Segment Start: INPUT

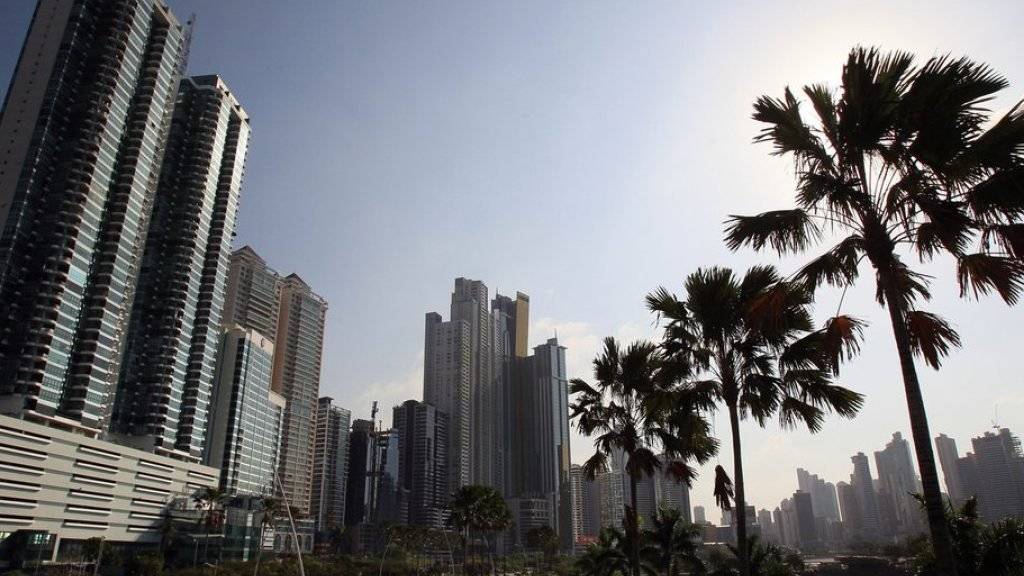 Blick auf Panama City - der Druck auf Steuerparadiese steigt.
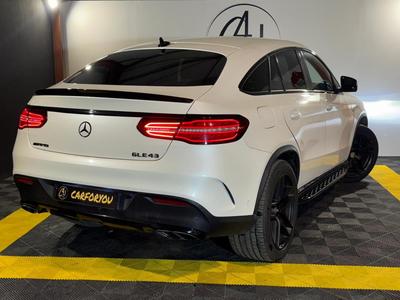 Mercedes Classe Gle coupe 43 Amg 3.0 V6 4matic 9g-Tronic 367ch Harman-Kardon | Caméra de recul I Sièges chauffants électriques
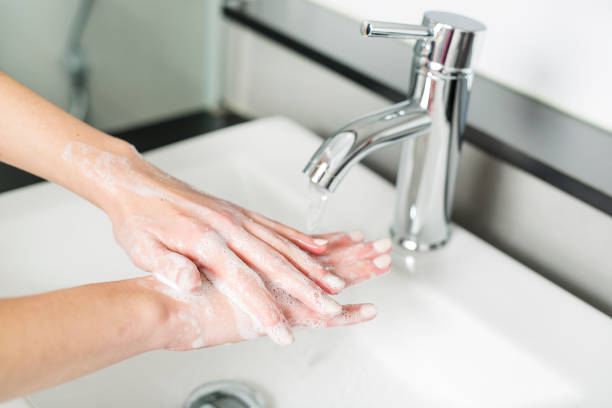 istock Hygiene Cleaning Hands Washing 851474890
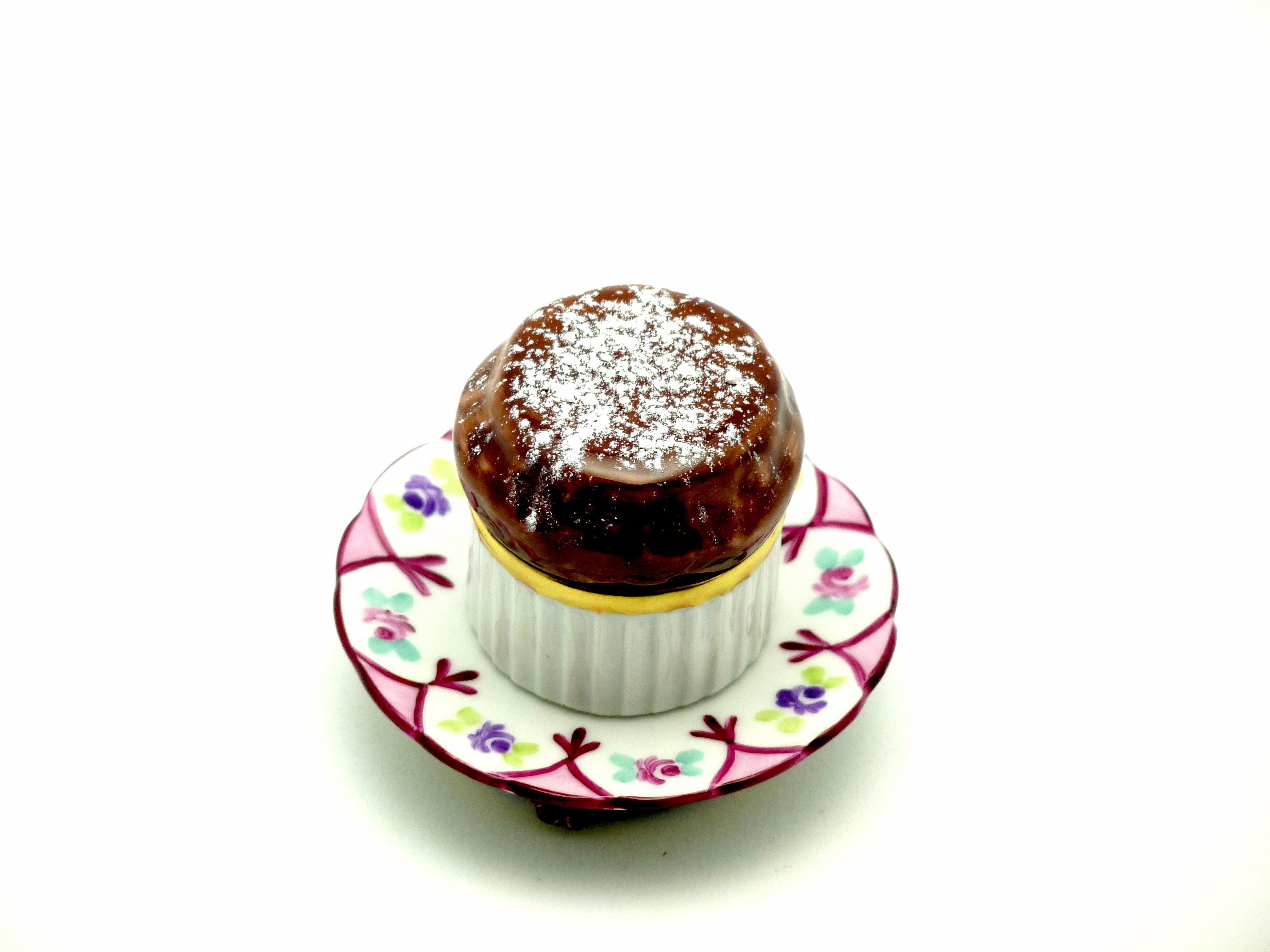 Soufflet chocolate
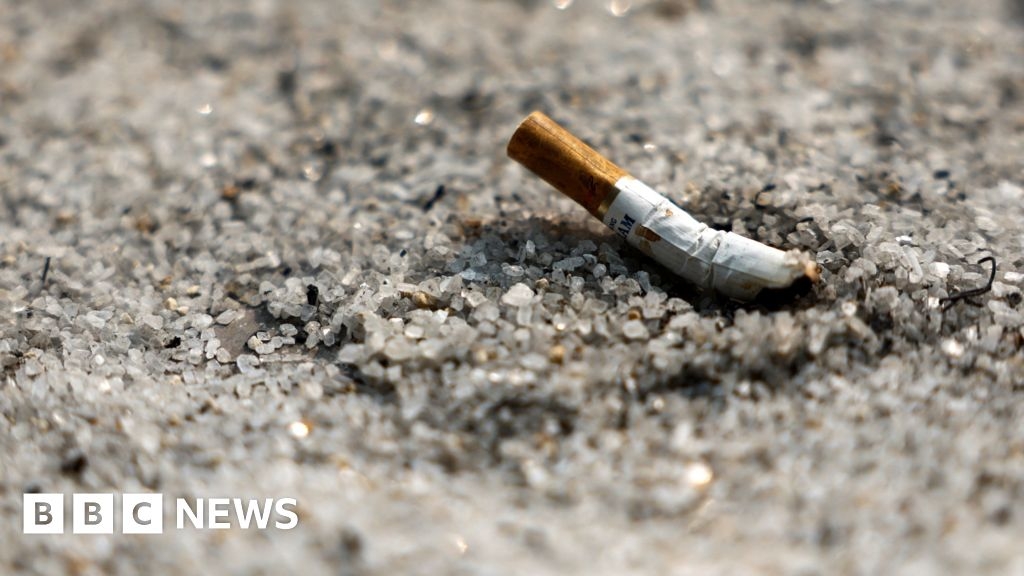 Discarded cigarette butts spark Alderney litter warning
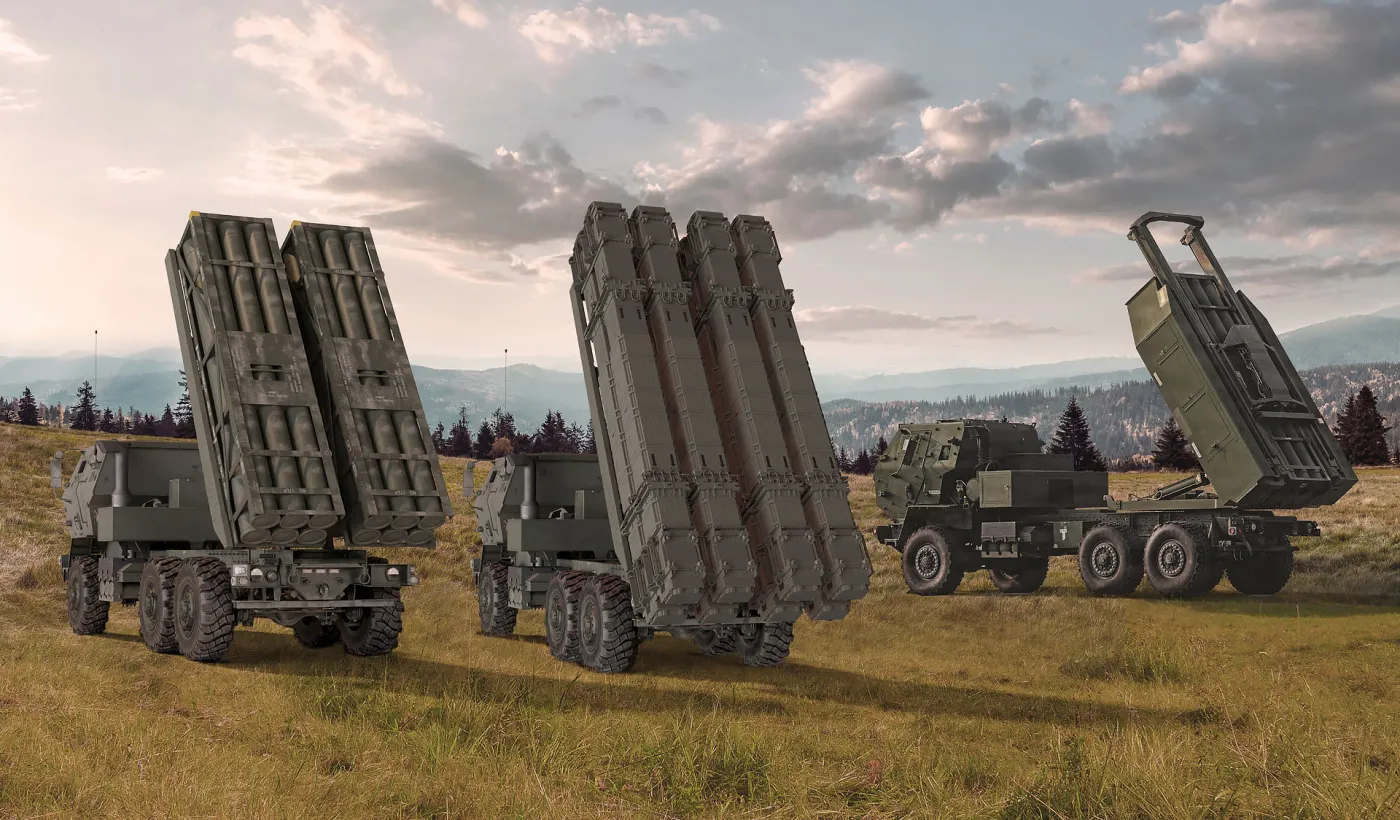 Wizualizacja HIMARS FLEX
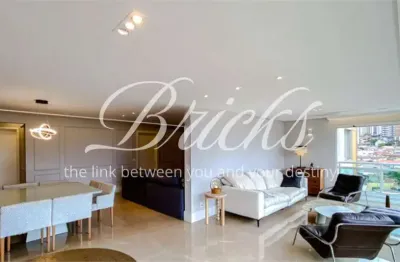 Apartamento na Vila Mariana com 168m² 3 suites 3 vagas lazer completo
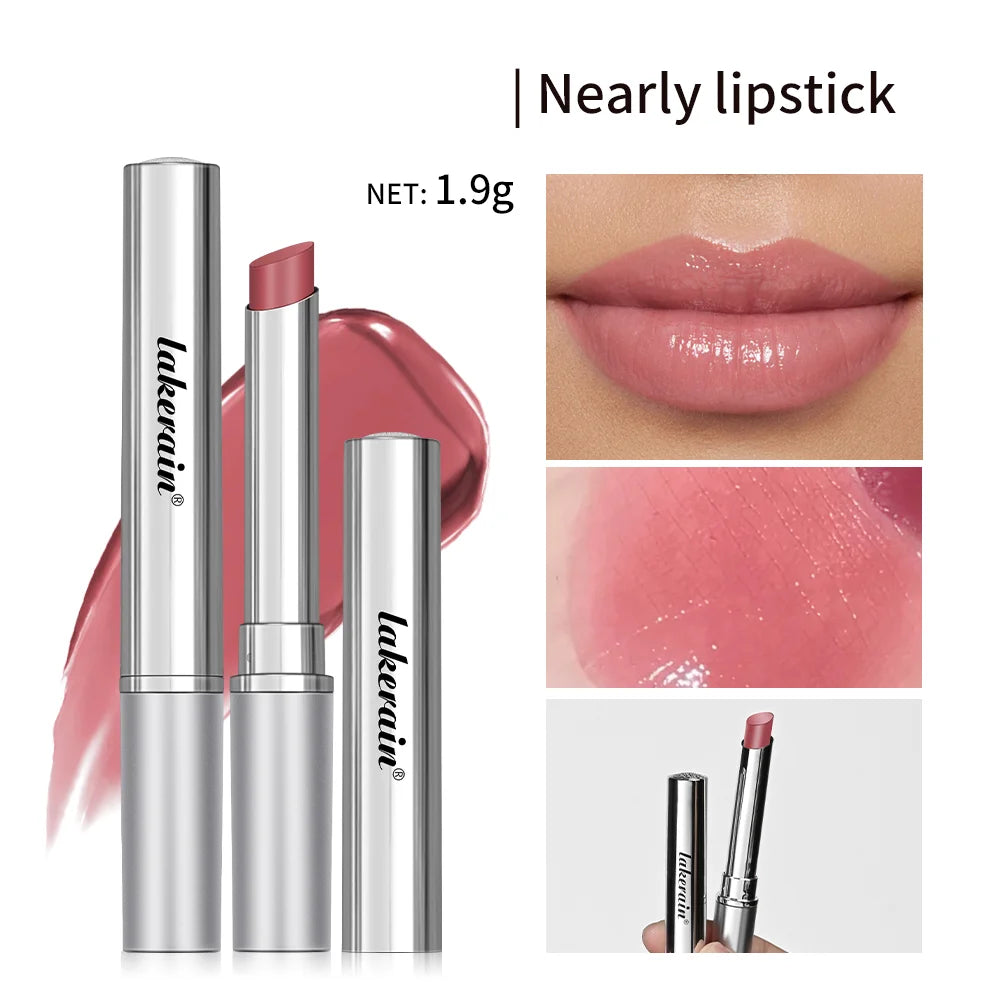 Moisturizing Nearly Lipstick Lip Plumper for Natural Shine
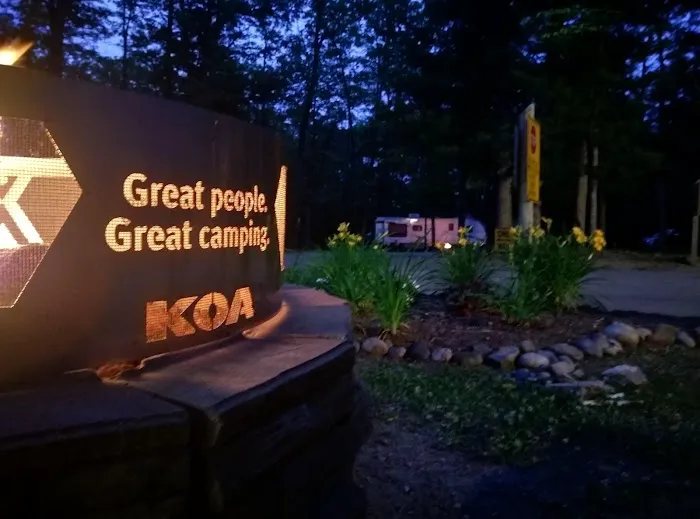 The Higgins Lake Campground Picture 6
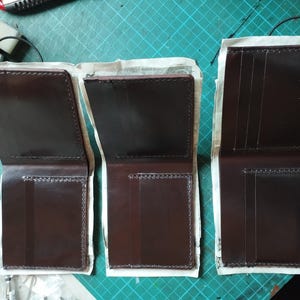 Cartera de cuero personalizada. image 4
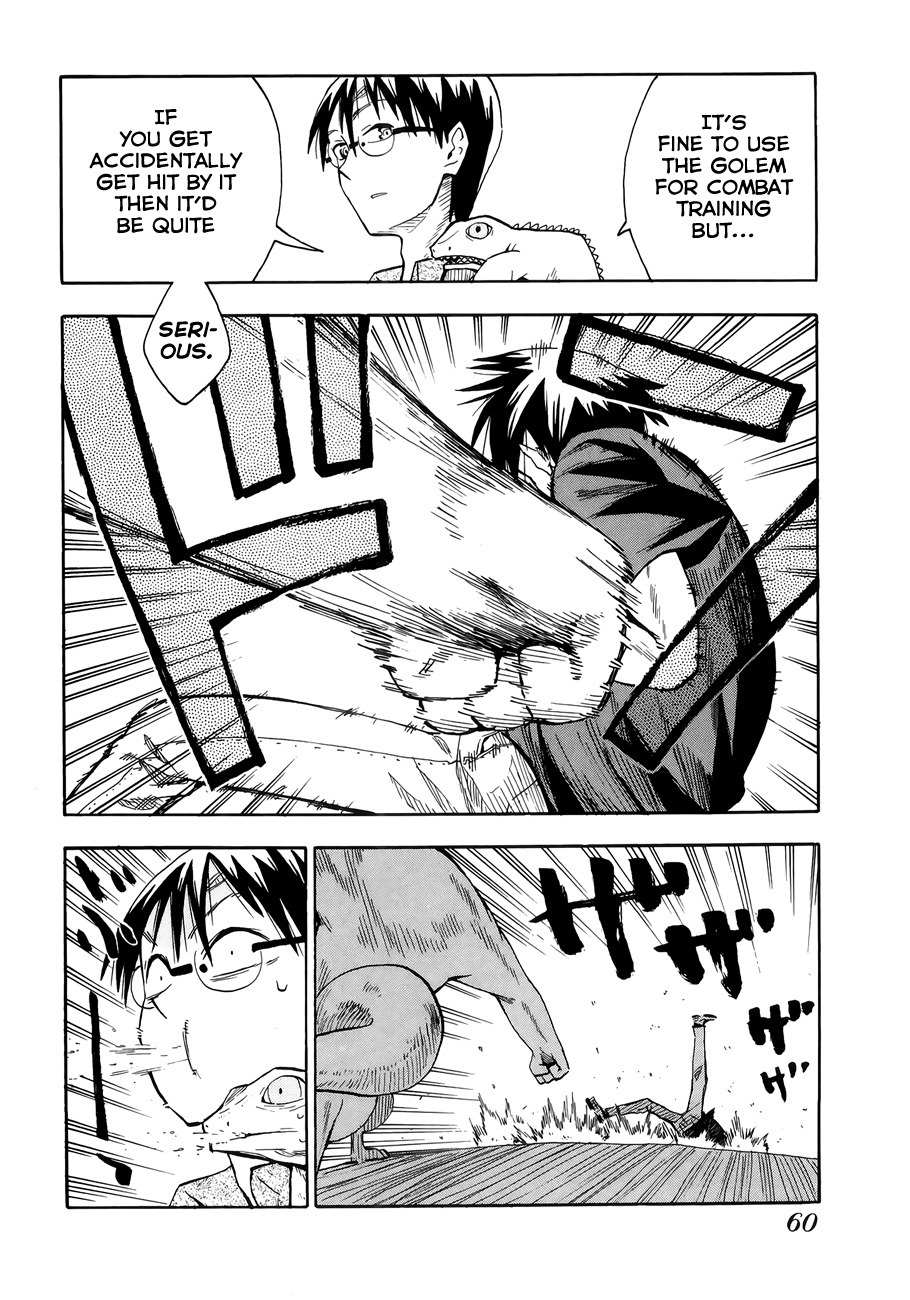 Wakusei no Samidare Chapter 31 page 6 - Chapter 31: Asahina Household (1)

Segment End: INPUT

● WHAT YOU ARE ASKED TO DO
Retype exactly, please, the span from the line holding "The Higgins Lake Campground Picture 6" through the closing line of the data, both ends included, without the pictures.

● RESULT
 The Higgins Lake Campground Picture 6
 Cartera de cuero personalizada. image 4
 Wakusei no Samidare Chapter 31 page 6 - Chapter 31: Asahina Household (1)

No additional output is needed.